> [Work to complete] The entries below contain a line with "Used Renault Kangoo" and a line with "Spyderco Tri-Angle Sharpmaker". Retype exactly everything from the first down to the second, both included, and nothing else.

____ The data

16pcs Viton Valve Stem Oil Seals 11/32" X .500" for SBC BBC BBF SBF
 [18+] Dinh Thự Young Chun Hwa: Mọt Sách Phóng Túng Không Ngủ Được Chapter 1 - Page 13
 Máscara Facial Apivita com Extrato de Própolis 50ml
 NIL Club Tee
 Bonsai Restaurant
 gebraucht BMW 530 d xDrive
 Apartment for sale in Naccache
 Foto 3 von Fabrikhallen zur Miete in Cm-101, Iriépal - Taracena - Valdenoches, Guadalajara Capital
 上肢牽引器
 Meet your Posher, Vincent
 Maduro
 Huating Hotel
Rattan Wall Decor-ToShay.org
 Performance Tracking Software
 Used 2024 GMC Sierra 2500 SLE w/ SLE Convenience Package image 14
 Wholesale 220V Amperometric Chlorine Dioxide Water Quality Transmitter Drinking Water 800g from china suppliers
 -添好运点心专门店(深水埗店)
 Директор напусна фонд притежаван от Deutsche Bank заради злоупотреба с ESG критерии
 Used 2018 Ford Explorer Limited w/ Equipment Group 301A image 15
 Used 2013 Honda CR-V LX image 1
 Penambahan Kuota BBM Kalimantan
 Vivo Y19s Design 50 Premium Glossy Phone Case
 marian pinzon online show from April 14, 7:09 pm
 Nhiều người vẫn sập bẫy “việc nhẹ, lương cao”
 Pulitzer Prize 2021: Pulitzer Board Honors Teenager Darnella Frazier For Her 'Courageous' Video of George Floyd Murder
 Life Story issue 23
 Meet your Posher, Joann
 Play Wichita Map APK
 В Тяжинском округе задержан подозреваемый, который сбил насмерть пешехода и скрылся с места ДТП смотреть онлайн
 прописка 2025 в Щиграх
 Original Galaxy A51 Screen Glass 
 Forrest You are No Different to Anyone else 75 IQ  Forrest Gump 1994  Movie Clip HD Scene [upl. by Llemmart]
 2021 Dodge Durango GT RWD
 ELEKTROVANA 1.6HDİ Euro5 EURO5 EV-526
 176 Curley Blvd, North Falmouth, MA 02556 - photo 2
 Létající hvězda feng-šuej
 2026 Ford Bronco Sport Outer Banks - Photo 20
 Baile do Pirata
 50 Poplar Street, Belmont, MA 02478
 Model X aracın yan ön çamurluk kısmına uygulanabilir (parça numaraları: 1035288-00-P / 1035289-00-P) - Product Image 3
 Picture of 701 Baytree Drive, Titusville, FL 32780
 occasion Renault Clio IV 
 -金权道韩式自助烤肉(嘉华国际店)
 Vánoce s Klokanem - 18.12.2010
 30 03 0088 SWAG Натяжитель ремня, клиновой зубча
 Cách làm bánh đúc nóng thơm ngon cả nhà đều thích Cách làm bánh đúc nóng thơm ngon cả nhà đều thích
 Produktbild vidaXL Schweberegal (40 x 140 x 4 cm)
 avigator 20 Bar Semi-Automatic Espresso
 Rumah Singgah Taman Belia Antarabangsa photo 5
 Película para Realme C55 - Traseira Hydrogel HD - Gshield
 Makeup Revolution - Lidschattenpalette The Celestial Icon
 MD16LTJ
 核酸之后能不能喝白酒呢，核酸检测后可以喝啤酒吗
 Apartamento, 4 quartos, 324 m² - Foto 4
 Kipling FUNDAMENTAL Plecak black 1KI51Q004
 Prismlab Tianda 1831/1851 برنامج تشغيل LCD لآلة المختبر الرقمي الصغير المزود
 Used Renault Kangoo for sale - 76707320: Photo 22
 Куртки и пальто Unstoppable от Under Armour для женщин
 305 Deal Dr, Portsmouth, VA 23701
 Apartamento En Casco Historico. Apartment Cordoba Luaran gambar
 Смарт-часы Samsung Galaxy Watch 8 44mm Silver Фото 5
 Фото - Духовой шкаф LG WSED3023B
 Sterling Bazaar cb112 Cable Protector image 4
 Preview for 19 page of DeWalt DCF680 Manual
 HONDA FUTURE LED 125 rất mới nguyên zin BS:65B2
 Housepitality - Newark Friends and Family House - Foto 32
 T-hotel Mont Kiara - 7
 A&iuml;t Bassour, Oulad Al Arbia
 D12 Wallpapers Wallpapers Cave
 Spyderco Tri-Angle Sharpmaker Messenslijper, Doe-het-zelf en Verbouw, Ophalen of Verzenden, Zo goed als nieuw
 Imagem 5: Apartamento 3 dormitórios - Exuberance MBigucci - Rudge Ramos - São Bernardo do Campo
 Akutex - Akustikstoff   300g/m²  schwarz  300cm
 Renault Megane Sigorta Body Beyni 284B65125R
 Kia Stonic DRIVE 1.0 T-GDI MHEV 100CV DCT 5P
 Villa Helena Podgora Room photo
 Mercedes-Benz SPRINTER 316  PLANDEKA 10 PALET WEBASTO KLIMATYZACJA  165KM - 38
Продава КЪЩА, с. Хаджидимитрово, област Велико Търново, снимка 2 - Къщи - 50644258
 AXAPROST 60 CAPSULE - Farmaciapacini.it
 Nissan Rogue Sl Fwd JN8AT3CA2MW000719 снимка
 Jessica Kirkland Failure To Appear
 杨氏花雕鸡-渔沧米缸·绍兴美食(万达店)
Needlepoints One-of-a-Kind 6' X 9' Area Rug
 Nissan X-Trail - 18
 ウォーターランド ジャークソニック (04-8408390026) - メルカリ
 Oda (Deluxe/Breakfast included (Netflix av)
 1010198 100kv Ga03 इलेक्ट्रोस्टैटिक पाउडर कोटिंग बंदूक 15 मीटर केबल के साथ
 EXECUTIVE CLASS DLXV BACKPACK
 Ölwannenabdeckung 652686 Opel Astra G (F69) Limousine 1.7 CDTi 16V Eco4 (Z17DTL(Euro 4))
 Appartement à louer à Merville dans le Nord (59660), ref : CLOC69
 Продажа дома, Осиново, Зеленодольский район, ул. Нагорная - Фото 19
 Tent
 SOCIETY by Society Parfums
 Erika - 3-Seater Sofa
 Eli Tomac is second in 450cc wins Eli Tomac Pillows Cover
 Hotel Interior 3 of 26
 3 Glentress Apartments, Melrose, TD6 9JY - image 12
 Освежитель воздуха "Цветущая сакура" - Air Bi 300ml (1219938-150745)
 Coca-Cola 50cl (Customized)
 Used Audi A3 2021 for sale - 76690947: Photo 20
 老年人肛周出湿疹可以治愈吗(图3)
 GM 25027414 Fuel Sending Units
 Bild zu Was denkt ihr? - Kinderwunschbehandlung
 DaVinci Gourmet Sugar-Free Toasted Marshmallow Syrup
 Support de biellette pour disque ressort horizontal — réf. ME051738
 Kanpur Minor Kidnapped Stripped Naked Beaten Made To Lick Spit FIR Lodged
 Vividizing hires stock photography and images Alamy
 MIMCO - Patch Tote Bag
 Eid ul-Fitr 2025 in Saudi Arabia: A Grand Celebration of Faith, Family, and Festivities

________

> [Response]
 Used Renault Kangoo for sale - 76707320: Photo 22
 Куртки и пальто Unstoppable от Under Armour для женщин
 305 Deal Dr, Portsmouth, VA 23701
 Apartamento En Casco Historico. Apartment Cordoba Luaran gambar
 Смарт-часы Samsung Galaxy Watch 8 44mm Silver Фото 5
 Фото - Духовой шкаф LG WSED3023B
 Sterling Bazaar cb112 Cable Protector image 4
 Preview for 19 page of DeWalt DCF680 Manual
 HONDA FUTURE LED 125 rất mới nguyên zin BS:65B2
 Housepitality - Newark Friends and Family House - Foto 32
 T-hotel Mont Kiara - 7
 A&iuml;t Bassour, Oulad Al Arbia
 D12 Wallpapers Wallpapers Cave
 Spyderco Tri-Angle Sharpmaker Messenslijper, Doe-het-zelf en Verbouw, Ophalen of Verzenden, Zo goed als nieuw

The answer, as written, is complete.